Why Do Babies Prefer LOA?
It is generally accepted that, given a chance,” ready- to- be- born” babies will choose the “head down, back to the left” position for birth.
What’s so special about this position?
1; There is more space in mother’s abdomen for the large back.
2; It is simple to curl up until the smallest diameter of their head is the leading part. The skull bones are able to slide under one an other at the sutures, making the head even smaller.
3; It is easy to slide under the pelvic sacral prominence into mother’s pelvis.
4; When labour starts the contraction pressure moves down baby’s spine, to end smoothly on the maternal cervix.
5; If mother is upright and mobile, the uterus can tilt forward with each contraction, applying maximum energy to opening the cervix. (No waste lifting baby, uterus, and liquor as when mother is reclining).
6; Once second stage occurs, baby has only to lift his/her head to emerge.( No need for deliberate maternal pushing.)
7; The whole process is straightforward, as baby is able to make use of all the available space in the maternal pelvis, and the uterus can use all the contraction pressure.

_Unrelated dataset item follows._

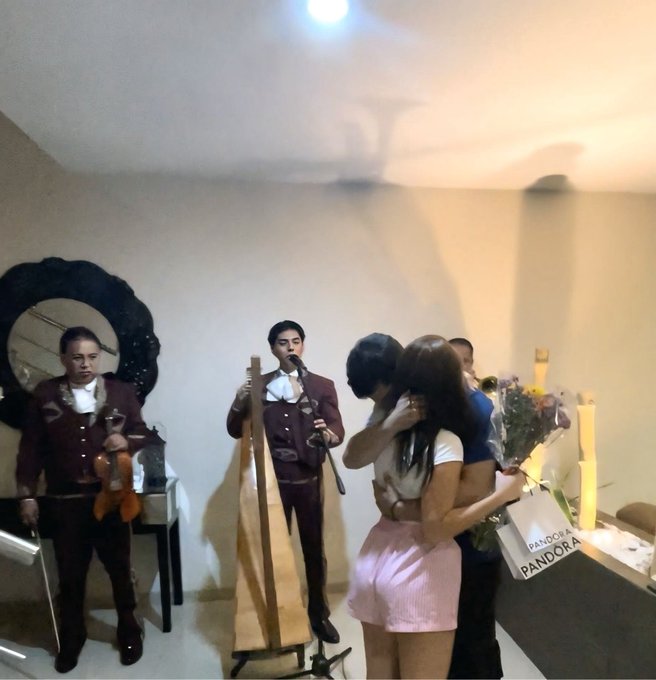 Mi mejor regalo de pumple lleg&oacute; a la medianoche con mariachi y flores 🎶💐 https://t.co/bDxtpiZYdW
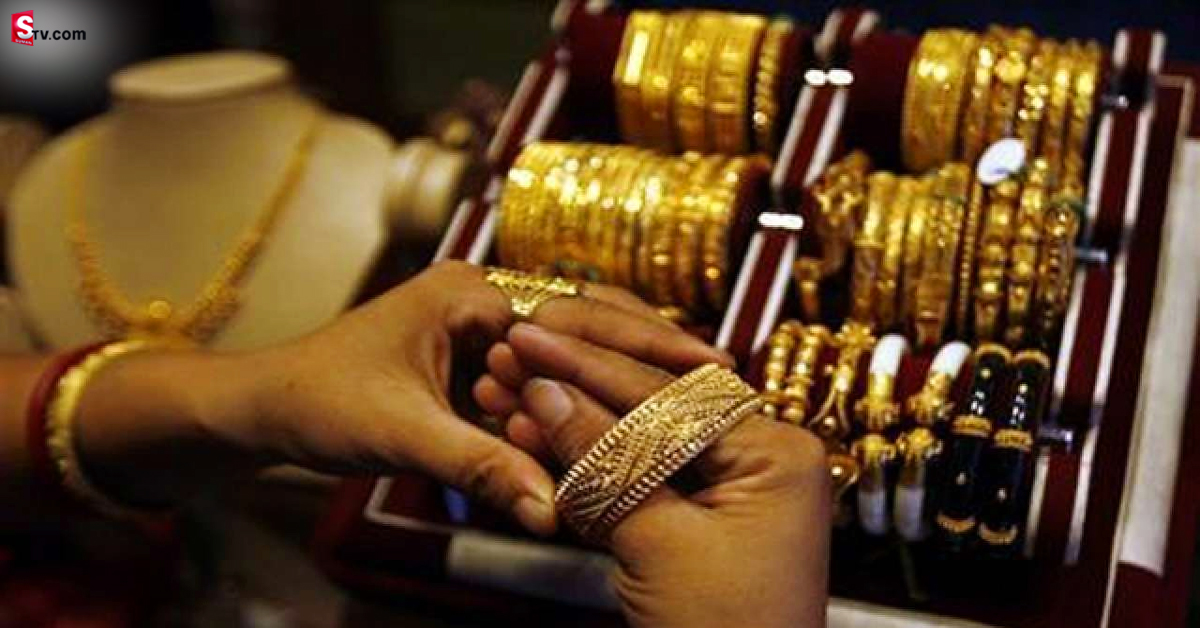 Gold Rate: బంగారం కొనాలనుకుంటున్నారా.. మరి నేటి ధరలు ఎలా ఉన్నాయంటే!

The ROA position works almost as well, but the modified banana / pear shape of the primigravida’s uterus means that it is an option only for second or later babies, but few of them choose it
What Are The Difficulties With ROP
Today many babies are failing to settle into the LOA position for birth. This means that the journey will be harder and slower for both baby and mother.
Why won’t just any “head down” position work.
1; A baby in the ROP position is facing forward in the military, or upright position.
2; He has the longest diameter of his head presenting.
3; As he is above the lower segment of the uterus, he fails to stimulate the maternal cervix to soften and shorten.
4; He is very likely to become post mature, or overdue.
5; Until his bottom and the uterus comes forward during labour, he will be unable to get his head under the maternal sacral prominence.
6; As his head is still to upright, he must try to come straight through the middle of the maternal pelvis
7; His skull bones don’t fold, but the parietal bones must change their shape to allow his head to fit. ( the sugar loaf head )
8; Pressure from contractions is on the lower uterine segment instead of the cervix, so dilatation may stop at about 5cms.
9; If he succeeds in getting through the cervix, he may rotate to bring his back forward, and descend more easily.
10; If he fails to rotate far enough he may become a “transverse arrest”
11;He will need maternal effort to be born.
There are other difficulties for a baby in the OP position, but this will be enough to think about.
The “passage the powers and the passenger” function very well when, and only when, the baby is able to make use of all the available pelvic space, and his mother is free to respond to his signals.